El teniente segundo Bill Fisk, del duodécimo batallón del Regimiento Real de Liverpool, usó su corbata del regimiento durante el resto de su vida como recordatorio de Somme. Llegó a esa batalla en agosto de 1918 para luchar en el mismo lodo en el que murió el teniente segundo O’ Carrol Smith, y sólo tres meses después de que el capitán Seddon murió en Bapaume, lo cual a su vez ocurrió cerca de la aldea de Louvencourt, donde Bill Fisk, entonces de 19 años, pasó la noche del 11 de noviembre de 1918. Bill Fisk solía asistir todos los años a las ceremonias del cenotafio en Maidstone llevando una amapola color sangre en el ojal y su mejor y enorme abrigo negro. Más adelante se negó a seguir usando su medalla de la Gran Guerra, que en el reverso decía: «La Gran Guerra por la Civilización».
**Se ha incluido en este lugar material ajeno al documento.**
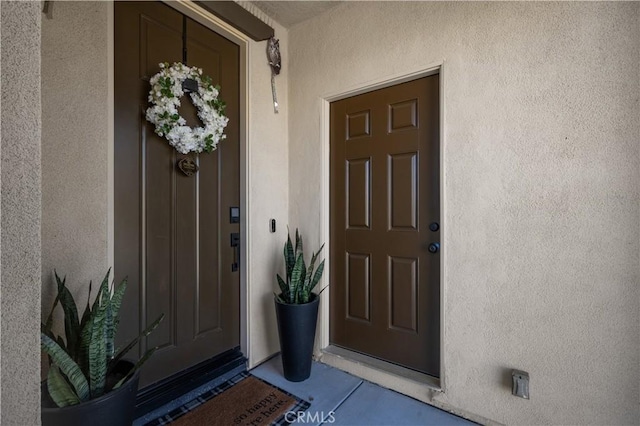 doorway to property featuring stucco siding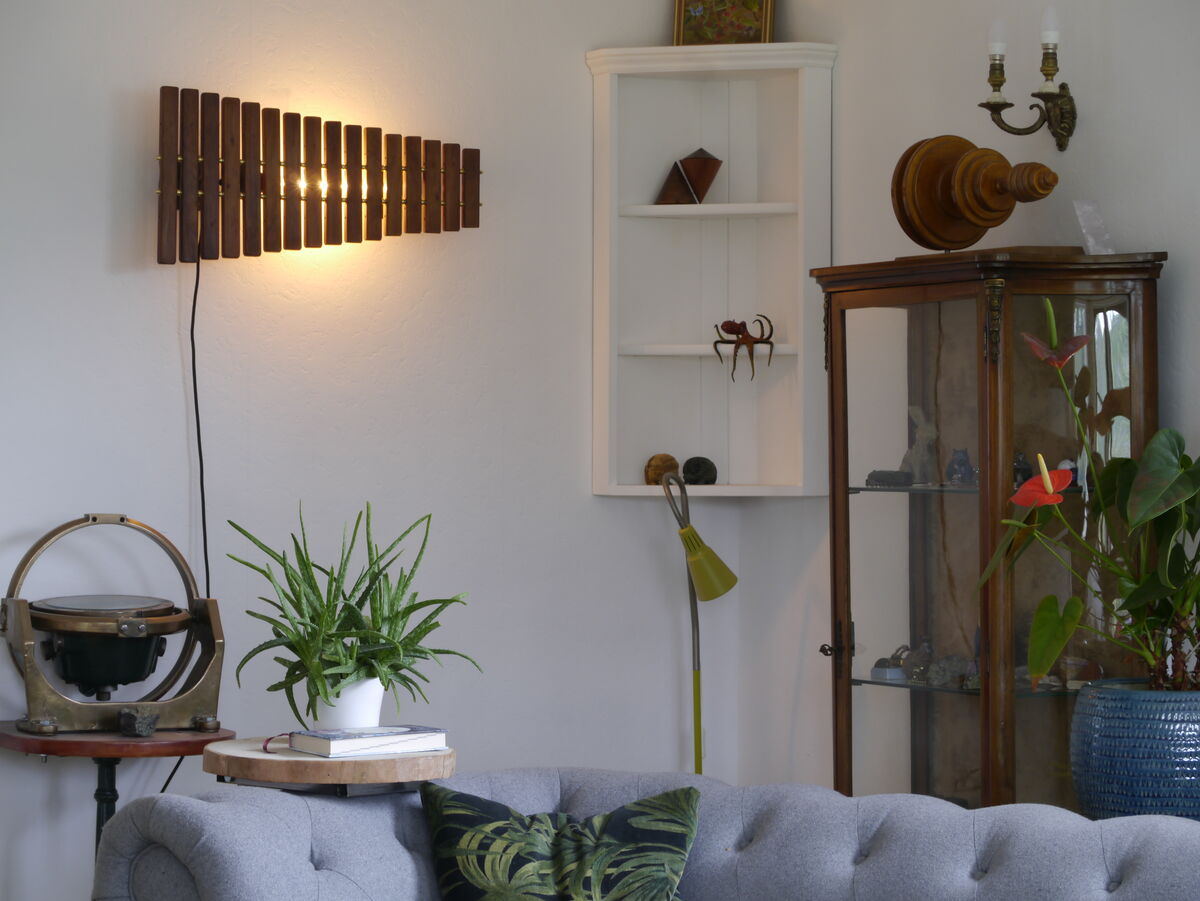 The xylophone wall light glowing above a living room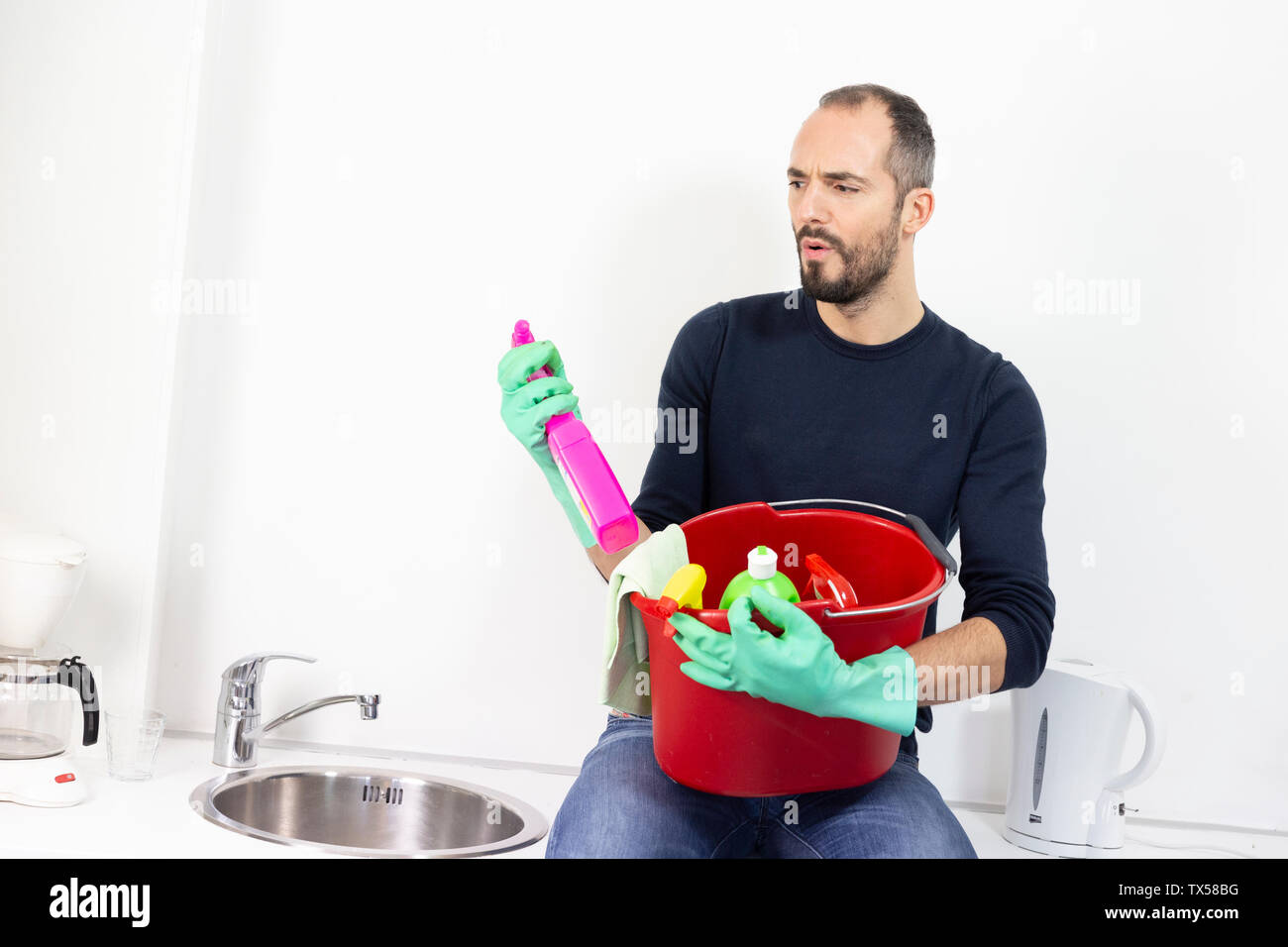 A man with cleaning products. Stock Photo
Y más tarde, en la Iglesia de San Pablo en Wellington, me encuentro con el baño de sangre turco que he estado buscando todo este tiempo: una placa de bronce con una cruz debajo de la cual se lee: «En memoria del sargento W. R. Richardson, muerto en Gallipoli, el 5 de diciembre de 1915 a los 31 años». El sargento murió sólo unos días antes de que la aventura militar de Winston Churchill terminara en un repliegue lleno de ignominia. Después de una corta caminata al muy moderno museo de la ciudad (que no se parece a nada en Maidstone) logro establecer que William Richardson, con el número de servicio 13/2243, era hijo de Charles Thomas y Charlotte Richardson, de Wellington, y está sepultado en el cementerio de Gallipoli.
Gallipoli fue la gran derrota de Occidente del siglo XX, a manos de un ejército musulmán. Se debe tener corazón de piedra para no conmoverse por las bajas neozelandesas en Gallipoli. De 8 mil 450 soldados que fueron enviados a combatir en Turquía, 2 mi 721 murieron, 4 mil 752 resultaron heridos. ¿Qué otra nación puede afirmar que el equivalente 88 por ciento de sus hombres cayó en batalla?
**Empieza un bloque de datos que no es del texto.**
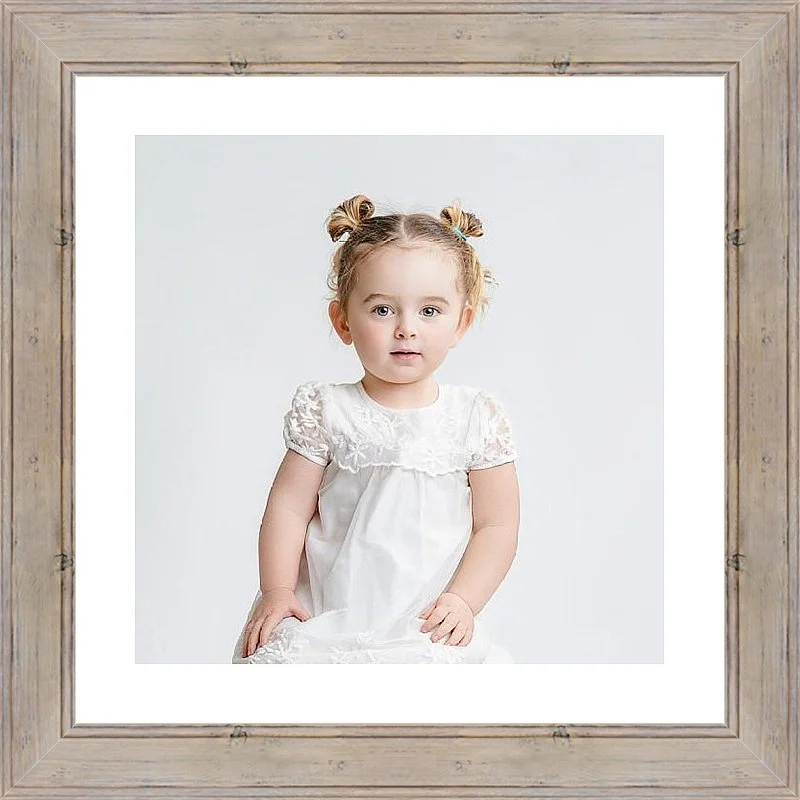 Little girl in white looking at the camera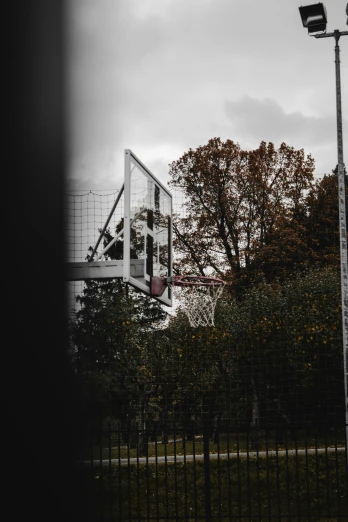 a basketball goal in a park under cloudy skies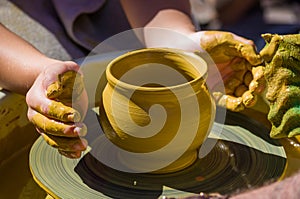 hands of the skilled master Potter and children's hands, training of the kid to production of pottery on a Potter's wheel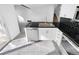 Bright kitchen boasts stainless steel appliances, white cabinets, and modern tile flooring at 2639 S Xanadu Way # B, Aurora, CO 80014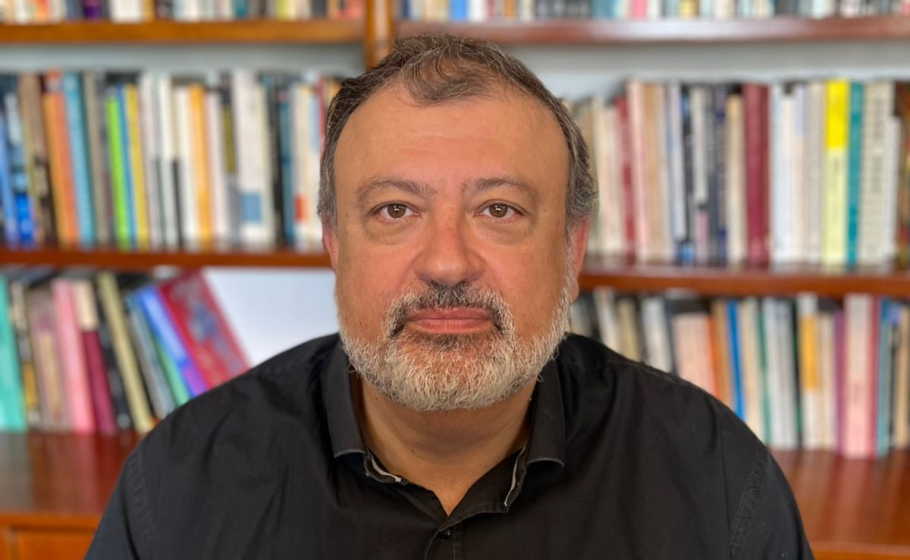 Retrato de Christian Dunker, homem de barba e cabelo grisalhos, com expressão séria, diante de estante de livros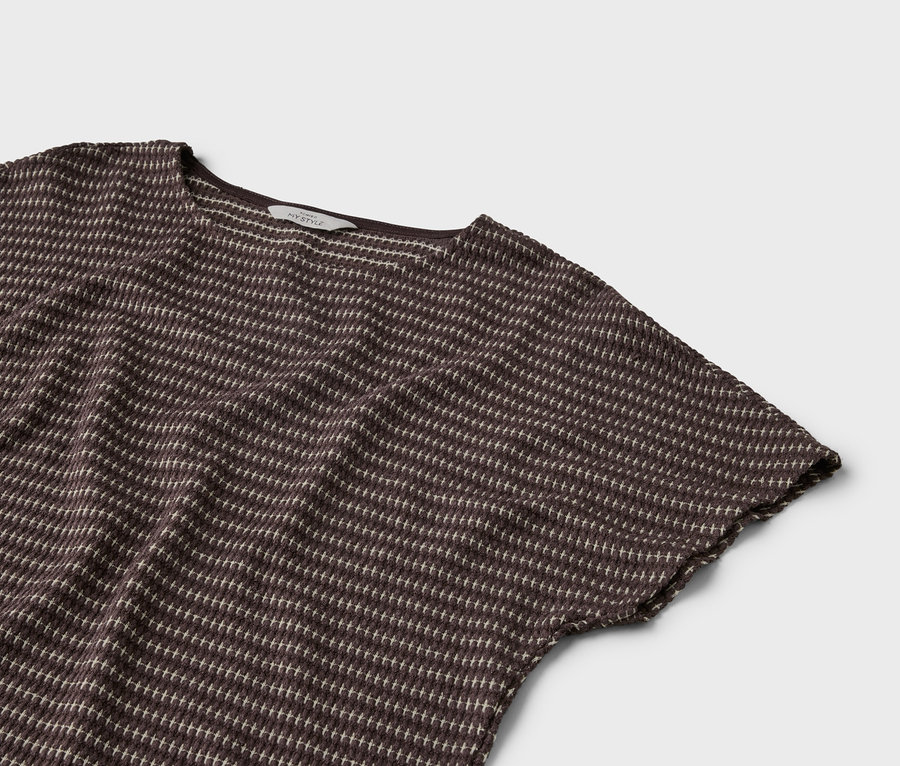 Zbliżenie brązowego T-shirtu z krótkim rękawem i jasnym wzorem w kropki na szarym tle.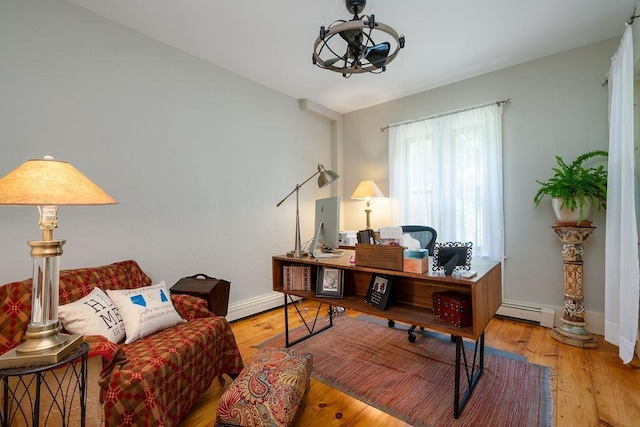 49 Mason Rd, Brookline, NH 03033 - office with wood finished floors and a baseboard heating unit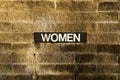 Women sign on brick wall Royalty Free Stock Photo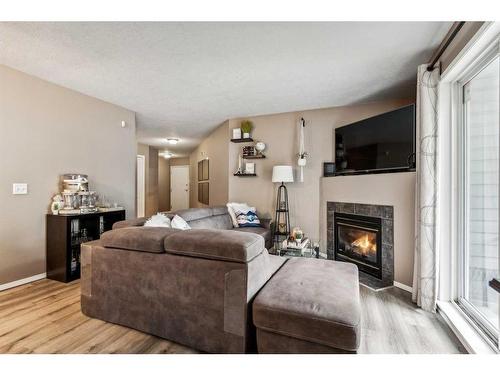 5101-5101 Valleyview Park Se, Calgary, AB - Indoor Photo Showing Living Room With Fireplace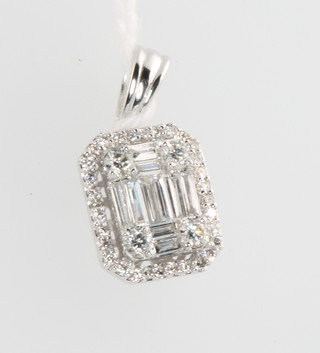 An 18ct white gold baguette and brilliant cut diamond pendant, approx 0.64ct, measures 10mm x 8mm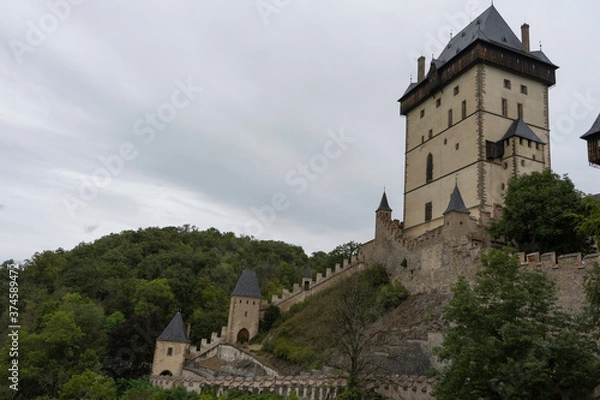 Fototapeta 
Stones Charles Bridge from 1402. On the Vltava river at night. pulmonary lighting and light reflections on the river surface and the moon shines in the sky.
Mientras miro las placas en San Pablo, una dama anciana camina hacia mí. Se llama Joy McClean y, como si nada, me dice: «Mi padre estuvo en Gallipoli. Combatía a los musulmanes; creo que para él, sólo eran ‘el enemigo’. El luchó por su país, y por lo que él creía correcto». Reflexiono sobre lo que acaba de decir esta buena señora, hasta que su humor cambia. «Solía haber 300 musulmanes aquí», dice. «Ahora hay 3 mil». Y es entonces cuando siento la oscuridad de estas últimas palabras. El 11 de septiembre de 2001 ya arrojó su sombra sobre esta lejana iglesia de madera.
Me dirijo en automóvil hacia la costa sur de la isla de Nueva Zelanda para huir de esa sombra, y porque en una colina muy semejante a aquella en la que desembarcaron las fuerzas conjuntas neozelandesas y australianas existe un monumento a la memoria de Mustafá Kemal Ataturk.
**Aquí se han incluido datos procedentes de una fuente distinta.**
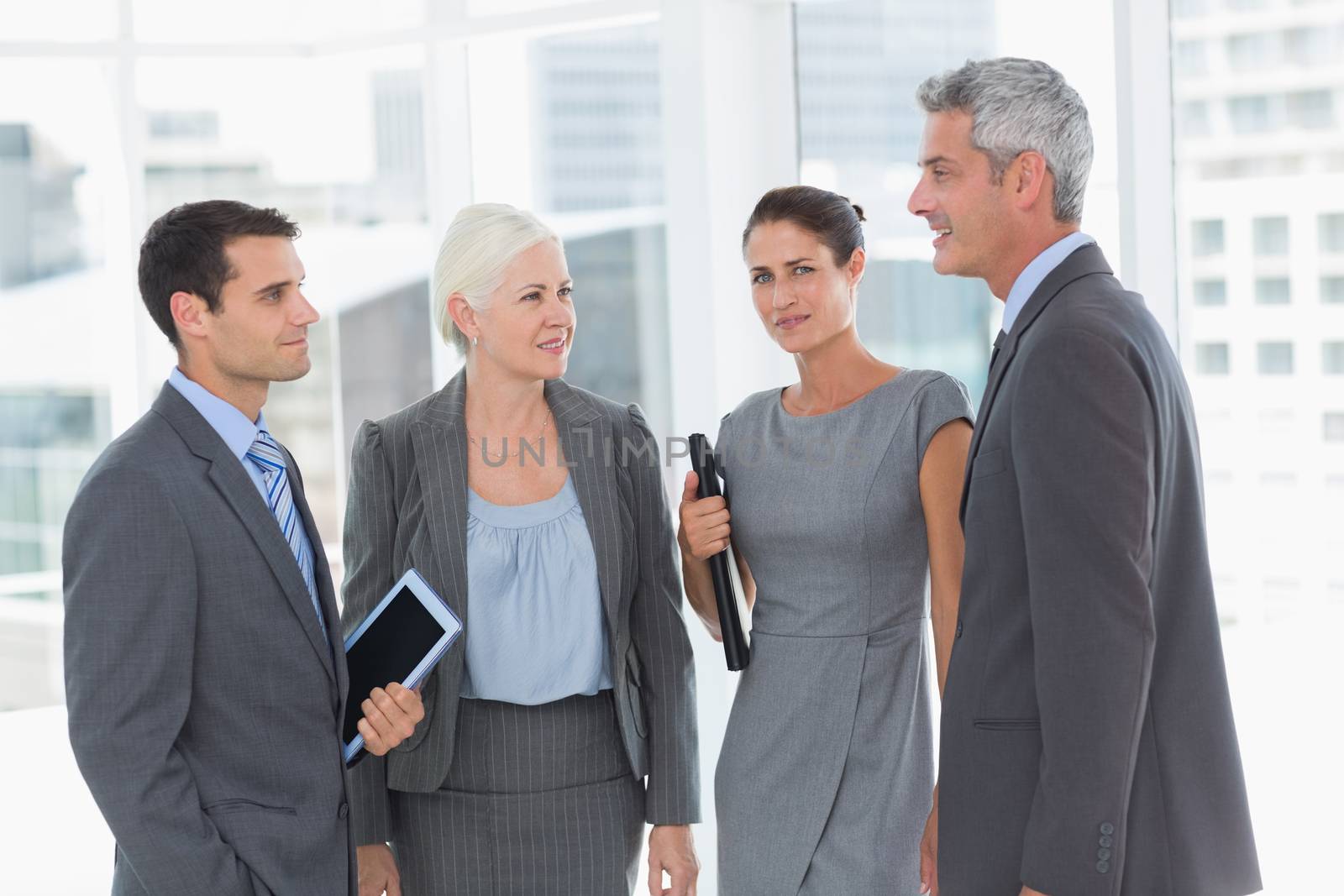 happy business people standing in office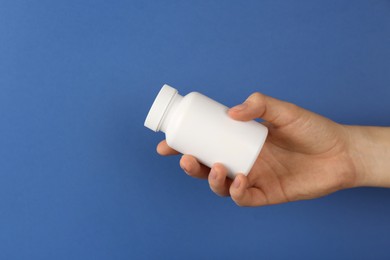 Photo of Woman holding blank white jar of vitamins on blue background, closeup. Space for text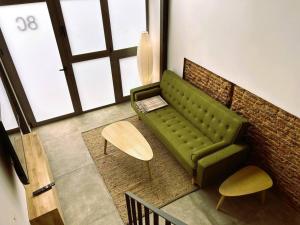 a living room with a green couch and a table at Stylish and Modern Loft in Madrid Centre in Madrid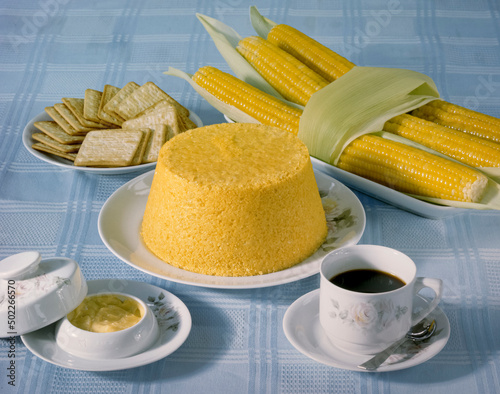 Corn couscous at the table with a cup of coffee and boiled corn cobs. Typical food from the northeast region of Brazil.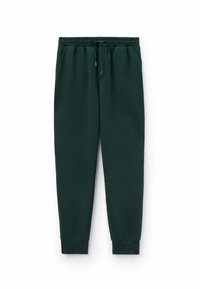 Donkergroene sweatpants van zachte katoen. Elastische tailleband met trekkoord en taps toelopende boorden. Twee zijzakken, minimaal ontwerp.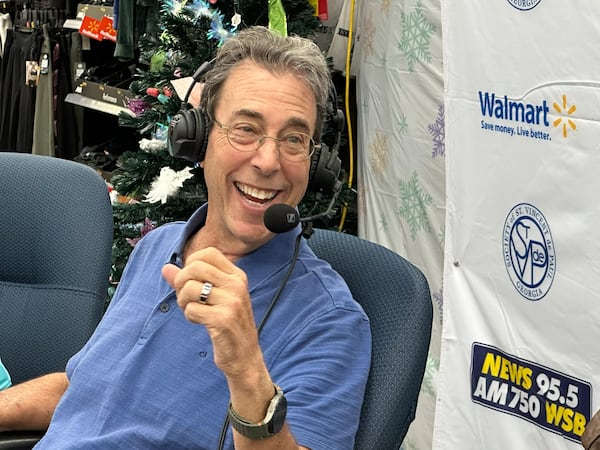 Clark Howard at the Roswell Walmart on Dec. 8, 2024 for the first of three in-person Clark's Christmas Kids events for individuals to purchase gifts for Georgia foster kids. RODNEY HO/rho@ajc.com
Sí, él era un laico que fumaba como chimenea: prohibió la escritura árabe y el velo; un hombre que cerró el último califato, pero que era musulmán. Y ahí, en una placa de mármol, está el discurso que dirigió a las familias de dolientes australianos y neozelandeses que fueron a Gallipoli a hacer duelo por sus seres queridos en los 30.
Son las palabras más compasivas jamás pronunciadas por un líder musulmán de tiempos modernos: «Esos héroes que derramaron su sangre y entregaron sus vidas… ahora ustedes yacen en la tierra de un país amigo. Por lo tanto, descansan en paz. Para nosotros no importa si se llamaban Johnny o Mehemt, porque yacen uno al lado del otro en este país nuestro. Ustedes, las madres que enviaron a sus hijos a naciones lejanas, limpien sus lágrimas. Sus hijos ahora están en nuestro seno y están en paz. Después de perder sus vidas en esta tierra, se han convertido también en nuestros hijos».
Me pregunto qué pensará de esto Osama Bin Laden.